Nie wiem właśnie, ile podobieństw S&W ma w stosunku do OD&D, bo zaliczanie każdego retroklona mnie mało bawi, ale... W OD&D więcej stron łącznie było poświęcone budowaniu twierdzy, szukaniu najemników, itd. niż tzw. "alternate combat system" (alternatywnego wobec Chainmaila systemu walki - fundamentu tego, co w D&D występuje do dzisiaj), gdyż gra była kierowana do wargamerów, zresztą z dużo mówiącym podtytułem na okładce:
Rules for Fantastic Medieval Wargames Campaigns Playable with Paper and Pencil and Miniature Figures. A że Gygax był wargamerem, to AD&D 1 też miało takie naleciałości. Z naszego punktu widzenia to zupełnie inny styl rozgrywki, dla wielu ludzi pewnie "nie-RPG". Nie dość, że taki druid sobie czyści lochy, to jeszcze jego całe tło fabularne pewnie ogranicza się do "imię + miecz", bo zginie za 10 min, a wszelka fikcja i odgrywanie postaci, o które tak się zabijają hobbyści dzisiaj, szczególnie fani settingów, to były rzeczy traktowane czasem naprawdę niepoważnie.

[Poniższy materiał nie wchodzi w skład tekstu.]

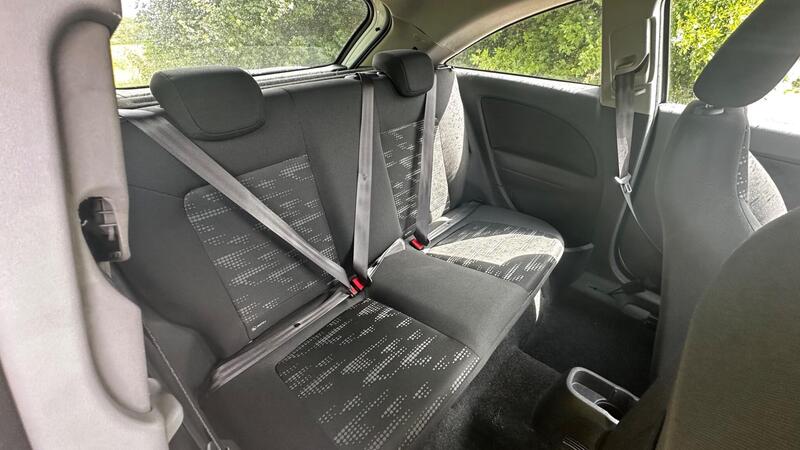 2015 Vauxhall Corsa — photo 11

Swoją wypowiedź głównie pisałem z myślą o nowicjuszach. Weź trzech zupełnych laików, zamknij w osobnych pomieszczeniach jednego z podręcznikiem Pathfindera, drugiego z AD&D 2, a trzeciego z OD&D. Wypuść po kilku miesiącach i u każdego zagraj sesję. Różnice będą pewnie przeogromne.
Apples and oranges, vanilla and chocolate, i takie tam.